Batch culture and species effects modulate the decoupling between diatom frustule-bound and biomass nitrogen isotope signatures

The stable nitrogen (N) isotope composition of organic matter encapsulated in diatom silica frustules (δ ¹⁵ N _DB ) from sedimentary records has been used as a proxy for reconstructing N consumption dynamics in the ocean over geologic time scales. This proxy relies on the assumption that δ ¹⁵ N _DB tracks biomass δ ¹⁵ N, without being affected by internal N-isotope fractionation. However, recent ground-truthing efforts have shown that δ ¹⁵ N _DB can diverge from biomass δ ¹⁵ N values, though the extent and mechanisms behind this decoupling remain unclear.
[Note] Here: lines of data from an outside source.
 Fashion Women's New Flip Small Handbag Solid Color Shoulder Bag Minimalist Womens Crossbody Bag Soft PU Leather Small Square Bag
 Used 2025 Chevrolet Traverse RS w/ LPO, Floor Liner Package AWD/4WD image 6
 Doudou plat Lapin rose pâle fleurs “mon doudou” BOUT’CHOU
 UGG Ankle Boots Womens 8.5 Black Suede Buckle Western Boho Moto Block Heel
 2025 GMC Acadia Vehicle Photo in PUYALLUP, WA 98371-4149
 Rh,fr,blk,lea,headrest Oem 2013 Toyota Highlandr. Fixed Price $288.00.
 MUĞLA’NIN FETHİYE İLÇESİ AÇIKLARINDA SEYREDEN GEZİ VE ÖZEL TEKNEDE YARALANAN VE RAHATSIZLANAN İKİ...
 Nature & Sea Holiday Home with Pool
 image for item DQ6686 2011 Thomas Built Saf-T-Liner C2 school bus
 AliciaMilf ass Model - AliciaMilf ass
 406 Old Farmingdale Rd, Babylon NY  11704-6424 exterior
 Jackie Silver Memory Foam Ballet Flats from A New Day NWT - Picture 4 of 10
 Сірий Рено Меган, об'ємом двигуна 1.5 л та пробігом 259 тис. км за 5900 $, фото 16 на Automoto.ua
In this study, we cultured two freshwater and two marine diatom species in batch cultures to test whether δ ¹⁵ N _DB (1) is subject to species-dependent internal ¹⁵ N fractionation, and (2) reflects the δ ¹⁵ N of source nitrate to the same extent as biomass δ ¹⁵ N values, assessing asynchronous integration of the N isotope signal. We monitored the N isotope systematics during diatom growth by measuring δ ¹⁵ N values in nitrate, bulk biomass and frustule-bound organic N throughout batch culture progression. We found that δ ¹⁵ N _DB did not follow typical Rayleigh fractionation dynamics and remained relatively stable, while biomass δ ¹⁵ N increased predictably with progressive fractional nitrate consumption. The observed divergence could not be explained by de-synchronized integration of source-nitrate δ ¹⁵ N values into biomass versus frustule-bound organic N (i.e. delayed incorporation into frustule-bound material), as newly formed frustules clearly recorded the δ ¹⁵ N of the ¹⁵ N-labeled nitrate added during growth. This confirmed that δ ¹⁵ N _DB values capture the isotopic signature of newly assimilated nitrate rather than N derived from internal or legacy pools. We hypothesize that shifts in growth conditions during batch culture progression altered the interaction between carbon and nitrogen metabolism, leading to physiologically driven variation in internal ¹⁵ N fractionation and corresponding offsets between δ ¹⁵ N _DB and biomass δ ¹⁵ N. Such sensitivity to internal isotope fractionation during biosynthesis has important implications for the interpretation of sedimentary δ ¹⁵ N _DB records.